I include a couple of quotes to whet your appetite, but the entire piece deserves to be read. From George Packer

“The Democratic Party claims half the country, but it’s hollowed out at the core. Hillary Clinton became the sixth Democratic Presidential candidate in the past seven elections to win the popular vote; yet during Barack Obama’s Presidency the Party lost both houses of Congress, fourteen governorships, and thirty state legislatures, comprising more than nine hundred seats. The Party’s leaders are all past the official retirement age, other than Obama, who has governed as the charismatic and enlightened head of an atrophying body. Did Democrats even notice? More than Republicans, they tend to turn out only when they’re inspired. The Party has allowed personality and demography to take the place of political organizing.”  That we have lost 30 legislatures in 8 years says a good deal about how the Democrats have turned their backs to middle America to curry favor with the 1%, celebrities and Wall St.  It hasn’t worked very well for eight years and it didn’t work very well on November 9th.

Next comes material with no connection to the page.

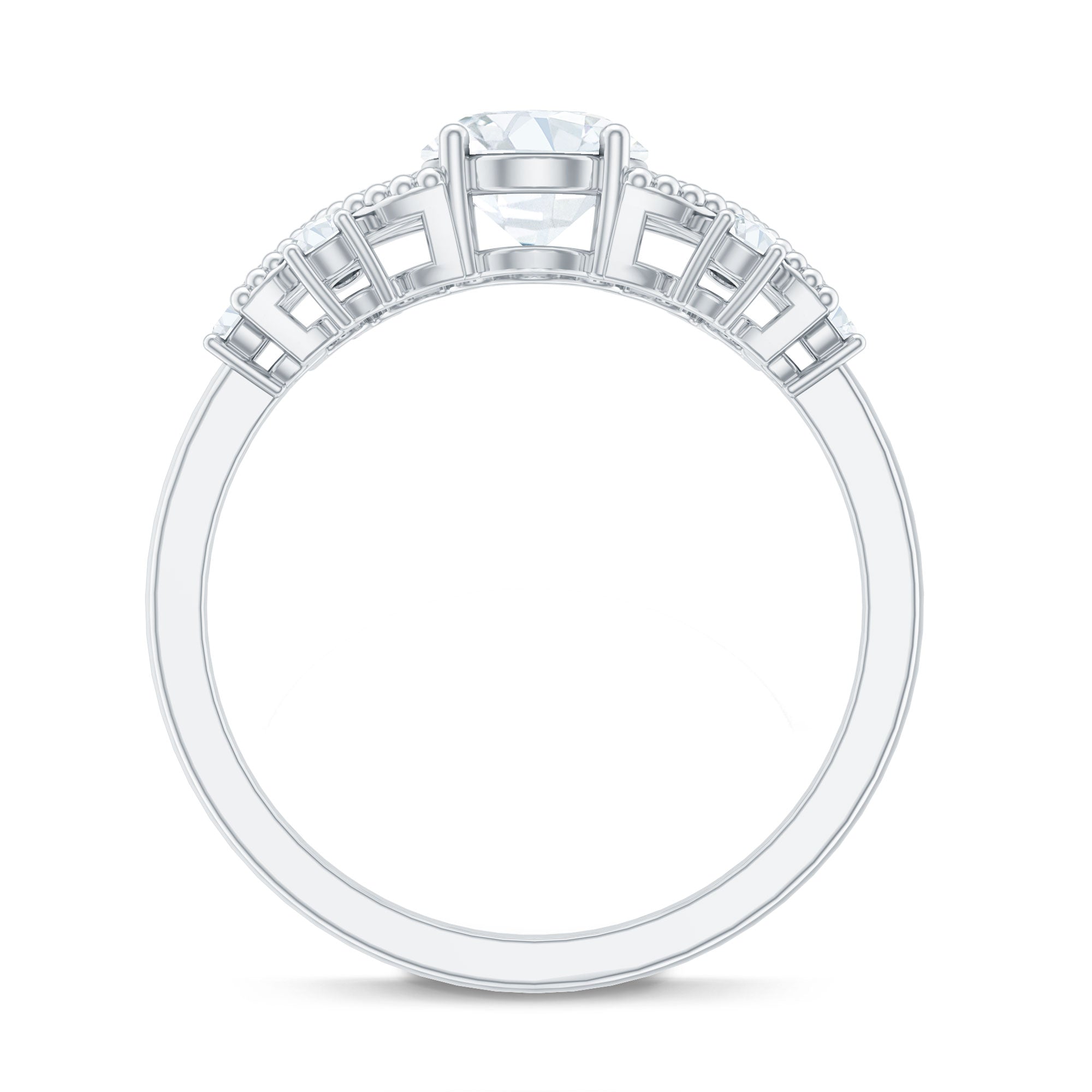 Nature Inspired Lab Grown Diamond Solitaire Engagement Ring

Doctor and Public Health researcher Atul Gawande gets at the core of how this has happened.

“Nearly seventy per cent of working-age Americans lack a bachelor’s degree. Many of them saw an establishment of politicians, professors, and corporations that has failed to offer, or even to seem very interested in, a vision of the modern world that provides them with a meaningful place of respect and worth.”

In my blog on November 12, I encouraged readers to listen and look within. Part of listening is to read different perspectives. I’d encourage starting here and then when done, look within.